■ DATA SEGMENT
- - - -

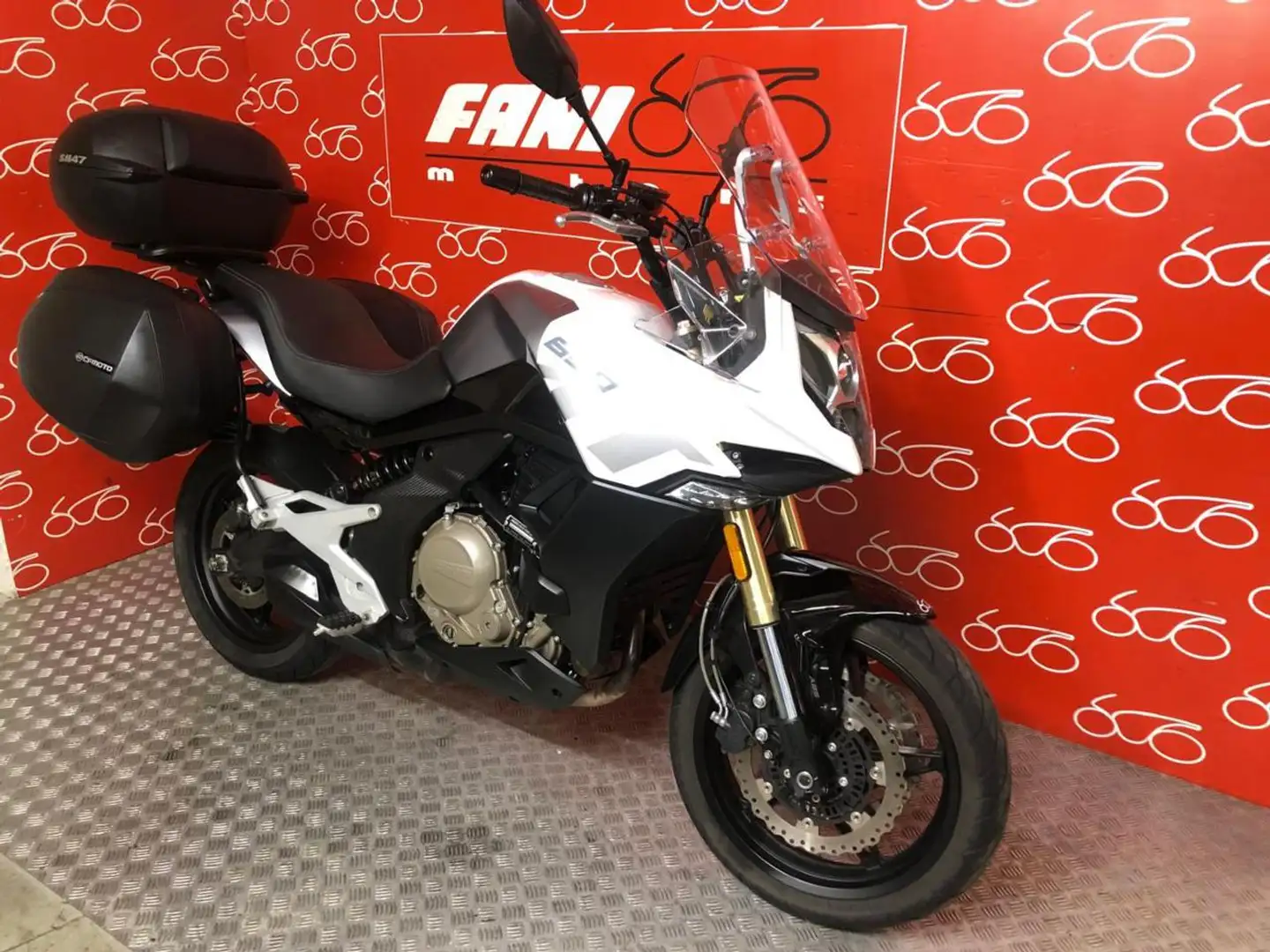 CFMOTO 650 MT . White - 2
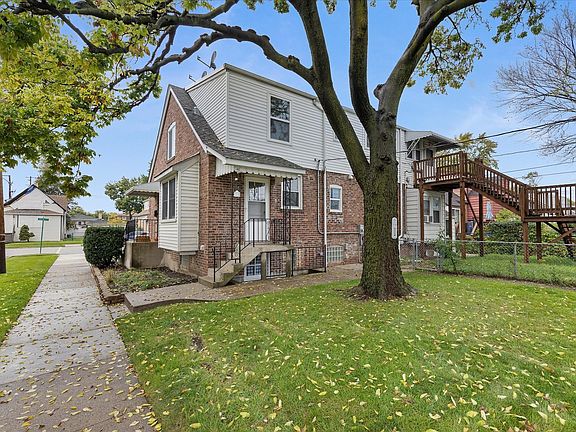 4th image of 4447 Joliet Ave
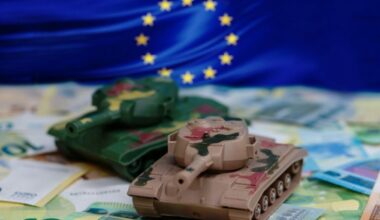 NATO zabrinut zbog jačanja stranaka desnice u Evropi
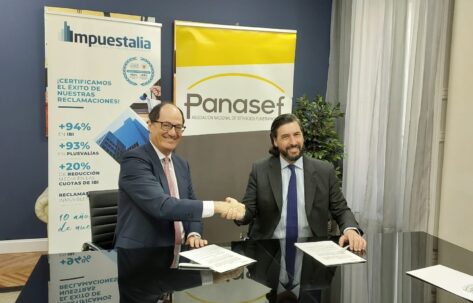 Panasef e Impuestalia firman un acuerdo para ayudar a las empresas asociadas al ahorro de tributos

- - - -

■ WHAT TO WORK ON
Print the entire listing above verbatim. No picture should be included.

■ RESPONSE TO THE TASK
 CFMOTO 650 MT . White - 2
 4th image of 4447 Joliet Ave
 NATO zabrinut zbog jačanja stranaka desnice u Evropi
 Panasef e Impuestalia firman un acuerdo para ayudar a las empresas asociadas al ahorro de tributos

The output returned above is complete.